Many of these kids were in wheelchairs, and needed extensive care to get them out of their chairs and into the pool, with many hands on deck to help. Others jumped in and out without seeming to notice the radio blaring, the multitude of other kids in the pool, and the general mayhem that goes with public pools in the summer. I was amazed, because the amount of stimulation was giving me a headache, I couldn’t imagine what these kids were feeling.
I was in awe at the sheer love of their aides and how much fun these kids had in the water. Lots of happy screams and squeals and running around, showed just how joyful they were.
I was thinking about how lovely it is for their parents to have this break, and to know how well cared for their children were, and was thinking how much of a break those hours were in their lives. But then I thought, “well, I get it. I understand what they are feeling.” Smug little me. ”I am in the club, and I have a daughter with a disability.” But I don’t get it.

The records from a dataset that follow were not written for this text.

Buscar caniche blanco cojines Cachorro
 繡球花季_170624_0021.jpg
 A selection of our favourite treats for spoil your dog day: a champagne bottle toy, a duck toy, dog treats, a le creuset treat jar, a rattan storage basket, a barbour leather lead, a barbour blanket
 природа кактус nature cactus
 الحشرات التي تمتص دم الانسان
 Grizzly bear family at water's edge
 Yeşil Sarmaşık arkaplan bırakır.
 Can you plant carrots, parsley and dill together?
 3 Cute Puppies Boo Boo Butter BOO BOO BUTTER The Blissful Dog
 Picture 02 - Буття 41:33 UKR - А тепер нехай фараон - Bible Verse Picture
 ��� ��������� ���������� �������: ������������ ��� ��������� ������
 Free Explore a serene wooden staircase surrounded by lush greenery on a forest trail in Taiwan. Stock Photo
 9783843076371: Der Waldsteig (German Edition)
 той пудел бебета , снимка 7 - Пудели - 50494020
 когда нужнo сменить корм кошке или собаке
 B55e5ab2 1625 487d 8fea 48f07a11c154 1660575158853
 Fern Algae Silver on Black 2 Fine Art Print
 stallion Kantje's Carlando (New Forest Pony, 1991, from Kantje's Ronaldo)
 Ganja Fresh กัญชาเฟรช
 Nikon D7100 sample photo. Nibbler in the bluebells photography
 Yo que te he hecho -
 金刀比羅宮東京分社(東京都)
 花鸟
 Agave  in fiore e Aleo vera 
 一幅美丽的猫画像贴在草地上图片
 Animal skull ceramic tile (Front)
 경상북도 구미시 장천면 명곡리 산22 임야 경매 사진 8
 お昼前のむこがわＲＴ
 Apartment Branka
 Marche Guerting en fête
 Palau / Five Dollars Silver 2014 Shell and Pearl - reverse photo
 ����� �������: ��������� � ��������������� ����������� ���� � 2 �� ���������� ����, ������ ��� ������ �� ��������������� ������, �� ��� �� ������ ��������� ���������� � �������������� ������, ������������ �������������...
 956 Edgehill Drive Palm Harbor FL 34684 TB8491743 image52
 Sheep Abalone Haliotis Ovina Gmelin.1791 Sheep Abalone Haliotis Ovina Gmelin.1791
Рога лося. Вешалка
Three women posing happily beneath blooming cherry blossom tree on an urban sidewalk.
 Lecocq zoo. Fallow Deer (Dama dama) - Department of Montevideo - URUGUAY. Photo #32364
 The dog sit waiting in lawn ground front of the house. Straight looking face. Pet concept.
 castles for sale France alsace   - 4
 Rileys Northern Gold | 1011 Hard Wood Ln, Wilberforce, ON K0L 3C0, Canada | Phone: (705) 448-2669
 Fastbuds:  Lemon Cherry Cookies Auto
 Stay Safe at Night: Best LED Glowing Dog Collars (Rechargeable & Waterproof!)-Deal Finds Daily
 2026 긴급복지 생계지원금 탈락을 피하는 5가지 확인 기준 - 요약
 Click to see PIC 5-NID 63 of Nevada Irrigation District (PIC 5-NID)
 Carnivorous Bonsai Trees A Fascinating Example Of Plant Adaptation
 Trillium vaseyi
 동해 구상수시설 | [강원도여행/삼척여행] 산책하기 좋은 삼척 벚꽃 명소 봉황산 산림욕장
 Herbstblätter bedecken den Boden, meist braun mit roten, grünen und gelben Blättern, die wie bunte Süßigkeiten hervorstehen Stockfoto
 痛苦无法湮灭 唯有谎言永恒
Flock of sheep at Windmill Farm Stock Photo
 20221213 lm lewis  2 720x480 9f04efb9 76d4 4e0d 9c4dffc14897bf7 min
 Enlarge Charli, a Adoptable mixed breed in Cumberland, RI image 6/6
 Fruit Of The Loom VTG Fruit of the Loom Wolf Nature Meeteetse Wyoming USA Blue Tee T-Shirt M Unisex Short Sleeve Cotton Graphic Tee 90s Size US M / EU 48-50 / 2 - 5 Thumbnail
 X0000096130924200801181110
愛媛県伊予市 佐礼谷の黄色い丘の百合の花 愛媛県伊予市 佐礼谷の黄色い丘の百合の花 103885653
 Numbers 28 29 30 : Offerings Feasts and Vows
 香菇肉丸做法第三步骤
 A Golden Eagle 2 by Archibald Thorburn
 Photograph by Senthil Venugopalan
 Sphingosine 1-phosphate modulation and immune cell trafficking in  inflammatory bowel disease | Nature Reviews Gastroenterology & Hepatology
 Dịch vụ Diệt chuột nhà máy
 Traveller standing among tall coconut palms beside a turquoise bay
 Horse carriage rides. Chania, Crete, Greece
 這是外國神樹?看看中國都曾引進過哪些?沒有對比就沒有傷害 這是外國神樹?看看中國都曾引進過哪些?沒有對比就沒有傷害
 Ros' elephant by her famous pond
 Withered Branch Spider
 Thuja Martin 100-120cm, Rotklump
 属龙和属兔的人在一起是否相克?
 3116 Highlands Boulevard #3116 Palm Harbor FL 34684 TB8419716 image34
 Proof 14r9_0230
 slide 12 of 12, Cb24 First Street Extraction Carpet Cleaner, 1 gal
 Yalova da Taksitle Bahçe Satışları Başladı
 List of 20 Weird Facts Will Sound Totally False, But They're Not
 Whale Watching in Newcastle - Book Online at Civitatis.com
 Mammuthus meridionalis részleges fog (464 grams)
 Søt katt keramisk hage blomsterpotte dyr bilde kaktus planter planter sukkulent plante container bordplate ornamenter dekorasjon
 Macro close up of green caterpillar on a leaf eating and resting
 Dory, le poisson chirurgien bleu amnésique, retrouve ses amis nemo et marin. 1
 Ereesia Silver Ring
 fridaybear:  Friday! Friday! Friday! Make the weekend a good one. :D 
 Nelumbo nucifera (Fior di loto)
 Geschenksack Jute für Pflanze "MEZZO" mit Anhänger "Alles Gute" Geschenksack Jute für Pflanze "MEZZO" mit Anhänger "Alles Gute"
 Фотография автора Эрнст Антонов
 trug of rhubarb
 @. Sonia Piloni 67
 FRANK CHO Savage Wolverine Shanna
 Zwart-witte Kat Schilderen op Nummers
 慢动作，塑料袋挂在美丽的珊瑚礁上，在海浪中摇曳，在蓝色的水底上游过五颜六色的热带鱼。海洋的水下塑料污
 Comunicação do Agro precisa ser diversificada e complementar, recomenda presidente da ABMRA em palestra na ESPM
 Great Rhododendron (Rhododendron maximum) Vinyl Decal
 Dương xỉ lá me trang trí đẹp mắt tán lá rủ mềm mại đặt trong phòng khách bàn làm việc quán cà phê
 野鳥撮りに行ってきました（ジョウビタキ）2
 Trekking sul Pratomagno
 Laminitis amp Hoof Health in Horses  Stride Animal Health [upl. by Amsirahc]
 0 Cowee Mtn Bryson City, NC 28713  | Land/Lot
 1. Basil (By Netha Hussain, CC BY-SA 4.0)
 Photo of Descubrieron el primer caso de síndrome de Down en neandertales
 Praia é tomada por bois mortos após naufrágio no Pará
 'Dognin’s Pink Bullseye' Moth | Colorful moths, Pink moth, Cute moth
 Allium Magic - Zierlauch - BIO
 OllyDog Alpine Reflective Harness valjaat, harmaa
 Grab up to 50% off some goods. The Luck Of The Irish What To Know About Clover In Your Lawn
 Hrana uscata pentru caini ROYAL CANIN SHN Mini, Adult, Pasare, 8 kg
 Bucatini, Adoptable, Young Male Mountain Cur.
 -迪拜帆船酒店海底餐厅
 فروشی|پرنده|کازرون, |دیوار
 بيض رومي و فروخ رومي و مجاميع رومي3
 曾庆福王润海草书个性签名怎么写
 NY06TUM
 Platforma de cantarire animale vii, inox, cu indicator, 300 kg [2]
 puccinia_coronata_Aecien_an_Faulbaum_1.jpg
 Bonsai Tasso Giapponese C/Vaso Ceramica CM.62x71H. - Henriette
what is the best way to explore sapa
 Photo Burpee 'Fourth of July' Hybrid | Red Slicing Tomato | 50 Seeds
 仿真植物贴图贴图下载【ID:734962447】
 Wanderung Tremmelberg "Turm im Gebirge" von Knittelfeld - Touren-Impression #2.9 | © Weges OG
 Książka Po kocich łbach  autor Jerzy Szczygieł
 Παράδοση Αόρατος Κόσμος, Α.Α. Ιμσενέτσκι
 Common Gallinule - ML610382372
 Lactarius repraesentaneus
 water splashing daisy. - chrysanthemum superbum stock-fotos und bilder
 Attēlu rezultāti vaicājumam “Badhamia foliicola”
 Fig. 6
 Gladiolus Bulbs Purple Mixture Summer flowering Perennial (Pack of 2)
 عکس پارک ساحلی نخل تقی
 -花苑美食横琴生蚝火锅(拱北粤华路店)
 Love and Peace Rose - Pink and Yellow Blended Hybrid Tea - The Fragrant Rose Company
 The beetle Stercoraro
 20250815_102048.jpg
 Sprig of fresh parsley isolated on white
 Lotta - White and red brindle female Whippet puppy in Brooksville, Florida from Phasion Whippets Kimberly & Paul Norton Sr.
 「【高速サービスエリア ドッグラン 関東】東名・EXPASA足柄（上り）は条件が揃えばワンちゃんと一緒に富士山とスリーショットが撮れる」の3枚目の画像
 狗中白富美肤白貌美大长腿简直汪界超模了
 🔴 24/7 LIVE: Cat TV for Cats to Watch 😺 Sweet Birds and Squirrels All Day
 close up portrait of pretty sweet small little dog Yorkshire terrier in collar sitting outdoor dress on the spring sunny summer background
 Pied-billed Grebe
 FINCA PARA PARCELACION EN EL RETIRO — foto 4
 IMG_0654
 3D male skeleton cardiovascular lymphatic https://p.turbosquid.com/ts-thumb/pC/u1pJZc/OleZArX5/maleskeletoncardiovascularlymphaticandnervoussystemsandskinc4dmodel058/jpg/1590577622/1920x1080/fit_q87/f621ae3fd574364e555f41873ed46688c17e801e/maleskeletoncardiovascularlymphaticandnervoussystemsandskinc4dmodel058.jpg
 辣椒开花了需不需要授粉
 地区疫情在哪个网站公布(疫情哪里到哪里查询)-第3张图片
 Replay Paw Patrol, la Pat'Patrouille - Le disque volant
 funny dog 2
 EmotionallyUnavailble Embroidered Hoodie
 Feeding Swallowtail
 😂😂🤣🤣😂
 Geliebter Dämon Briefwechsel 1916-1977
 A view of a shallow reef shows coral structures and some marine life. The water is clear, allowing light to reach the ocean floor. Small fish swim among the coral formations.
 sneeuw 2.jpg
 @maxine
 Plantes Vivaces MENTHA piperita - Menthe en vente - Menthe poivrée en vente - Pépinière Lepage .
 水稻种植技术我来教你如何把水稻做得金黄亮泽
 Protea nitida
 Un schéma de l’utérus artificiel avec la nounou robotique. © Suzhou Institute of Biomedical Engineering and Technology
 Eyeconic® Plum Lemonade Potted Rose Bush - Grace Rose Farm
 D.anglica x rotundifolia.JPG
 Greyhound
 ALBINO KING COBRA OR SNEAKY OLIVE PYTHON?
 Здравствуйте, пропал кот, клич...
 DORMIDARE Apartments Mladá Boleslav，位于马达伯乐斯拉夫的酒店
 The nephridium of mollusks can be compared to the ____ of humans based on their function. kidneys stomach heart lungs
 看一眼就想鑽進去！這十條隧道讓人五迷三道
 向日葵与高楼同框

I don’t understand. My daughter talks to me (non-stop), she can read and socialize and make friends she can get around with a walker, she can be independent to some degree.
I was reading an article the other day about what to say and what not to say to someone who has lost a loved one, and one of those things that struck me was to never say “I know what you are going through.” It is offensive to people and you don’t know what they are going through. Their experience is not yours, their feelings do not mirror your feelings. Their relationship with their husband or mother, or friend is not the exact same relationship you had with yours.
Just like my experience with my child and her disability is not the same as these parents. I am in awe of them, and how they manage to get through a day. I would love to hear their stories and learn from them how they manage with kids who have very profound disabilities. The sheer energy it must take to keep up with these kids 24 hours a day baffles me. Where to they find the strength, and the faith that this will work out in the end.
My hat is off to you parents and my heart goes out to you. I don’t know how you feel. I cannot even guess. And I am embarrassed for my moments when I feel like my own situation is so very hard. It isn’t. You are true heroes and your children are lucky to have found you.